◆ **EXERCISE OBJECTIVE**
Only those lines in the data below from the line containing "Sciatica Nerve Cream" through the line containing "fish and hook icon", both included, should be restated word for word.

(Source data)
========
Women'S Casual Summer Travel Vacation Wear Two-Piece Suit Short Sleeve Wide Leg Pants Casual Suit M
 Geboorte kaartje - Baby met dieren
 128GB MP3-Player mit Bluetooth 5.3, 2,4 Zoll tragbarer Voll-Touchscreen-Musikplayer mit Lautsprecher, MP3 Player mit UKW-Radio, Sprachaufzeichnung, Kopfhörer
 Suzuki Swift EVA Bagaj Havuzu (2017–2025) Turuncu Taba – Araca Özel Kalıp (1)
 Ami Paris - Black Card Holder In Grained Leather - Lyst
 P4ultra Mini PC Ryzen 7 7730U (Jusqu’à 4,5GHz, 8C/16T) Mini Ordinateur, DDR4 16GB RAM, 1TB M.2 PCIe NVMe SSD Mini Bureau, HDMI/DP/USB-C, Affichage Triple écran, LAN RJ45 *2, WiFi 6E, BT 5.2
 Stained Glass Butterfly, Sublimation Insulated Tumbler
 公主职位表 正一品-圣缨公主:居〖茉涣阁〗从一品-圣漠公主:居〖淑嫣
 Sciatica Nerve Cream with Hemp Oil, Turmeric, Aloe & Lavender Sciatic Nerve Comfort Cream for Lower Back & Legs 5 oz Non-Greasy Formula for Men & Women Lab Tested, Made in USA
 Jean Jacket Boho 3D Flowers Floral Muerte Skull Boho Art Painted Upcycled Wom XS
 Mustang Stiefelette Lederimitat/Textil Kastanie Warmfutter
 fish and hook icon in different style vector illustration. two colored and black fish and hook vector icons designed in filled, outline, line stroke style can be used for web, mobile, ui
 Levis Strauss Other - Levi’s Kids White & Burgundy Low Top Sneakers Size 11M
========
◆ **RESPONSE FOR THIS EXERCISE**
 Sciatica Nerve Cream with Hemp Oil, Turmeric, Aloe & Lavender Sciatic Nerve Comfort Cream for Lower Back & Legs 5 oz Non-Greasy Formula for Men & Women Lab Tested, Made in USA
 Jean Jacket Boho 3D Flowers Floral Muerte Skull Boho Art Painted Upcycled Wom XS
 Mustang Stiefelette Lederimitat/Textil Kastanie Warmfutter
 fish and hook icon in different style vector illustration. two colored and black fish and hook vector icons designed in filled, outline, line stroke style can be used for web, mobile, ui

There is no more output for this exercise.